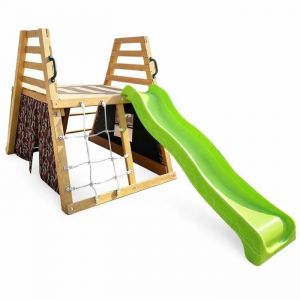 Toboggan Enfant Bois Avec Structure D Escalade Ginger Home Filet Et Tente Aire De Jeux - Neuf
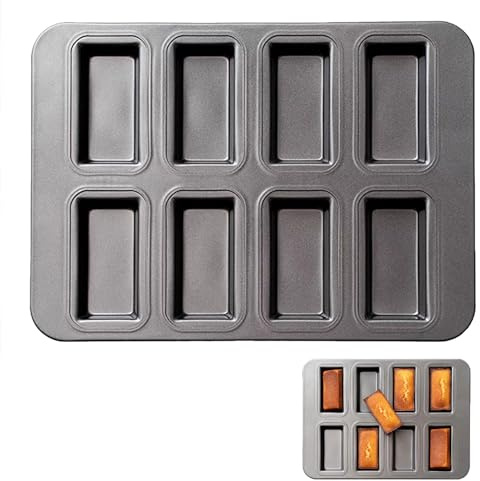 ZFRITP Mini Kuchenform, Mini Kastenform, Brötchen Backform, Backform Eckig Für Gleichzeitig 8 Kleine Brote Oder Kuchen, Sehr Gute Antihaftbeschichteter Karbonstahl, Grau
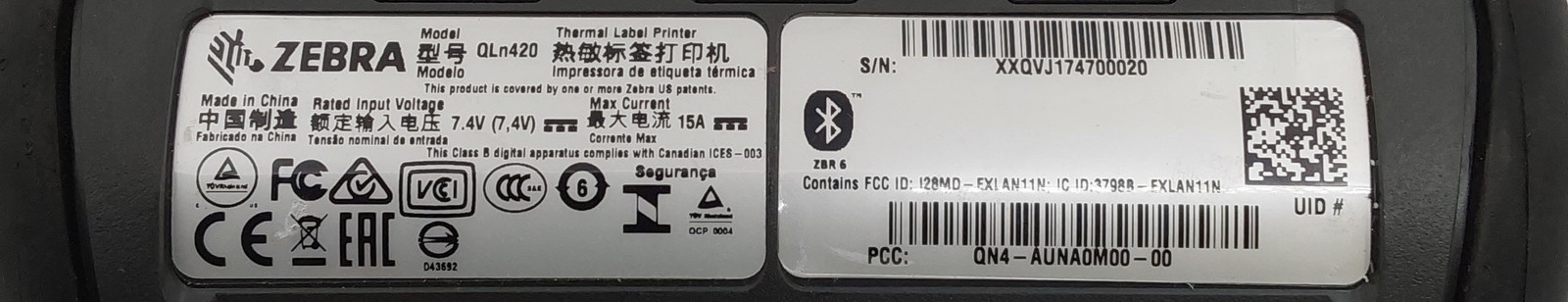 Zebra QLn420 Direct Thermal Mobile Label Printer 4in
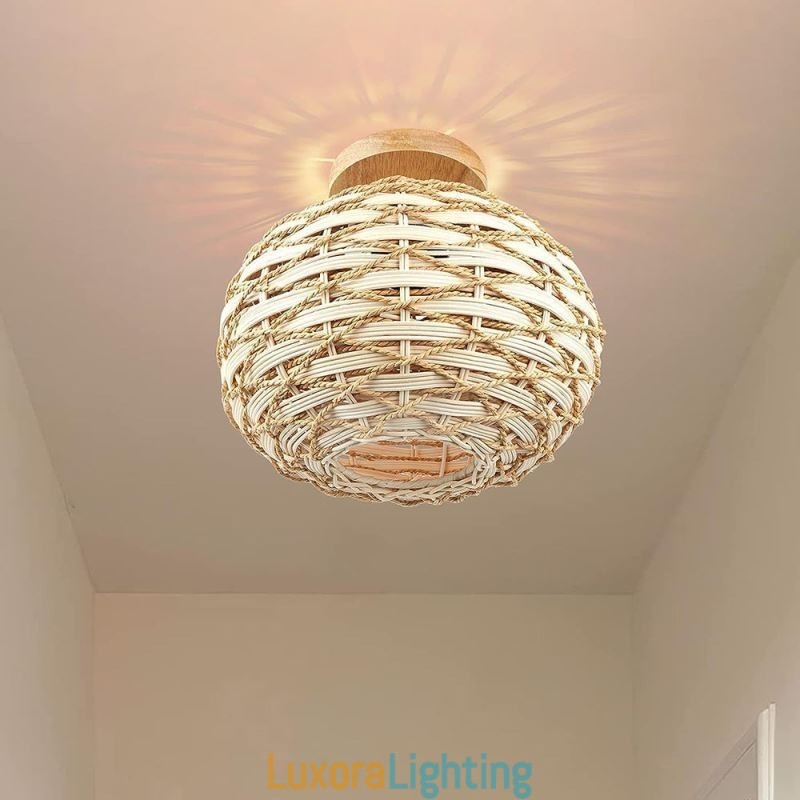 Designer Touch Decorative Wood Color Pumpkin Flush Mount Paper Rope Rattan Woven Lampshade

REQUIREMENT: Transcribe exactly the portion of the material above that runs from the line containing "ZFRITP Mini Kuchenform, Mini" through its last line, omitting all pictures.

RESPONSE:
 ZFRITP Mini Kuchenform, Mini Kastenform, Brötchen Backform, Backform Eckig Für Gleichzeitig 8 Kleine Brote Oder Kuchen, Sehr Gute Antihaftbeschichteter Karbonstahl, Grau
 Zebra QLn420 Direct Thermal Mobile Label Printer 4in
 Designer Touch Decorative Wood Color Pumpkin Flush Mount Paper Rope Rattan Woven Lampshade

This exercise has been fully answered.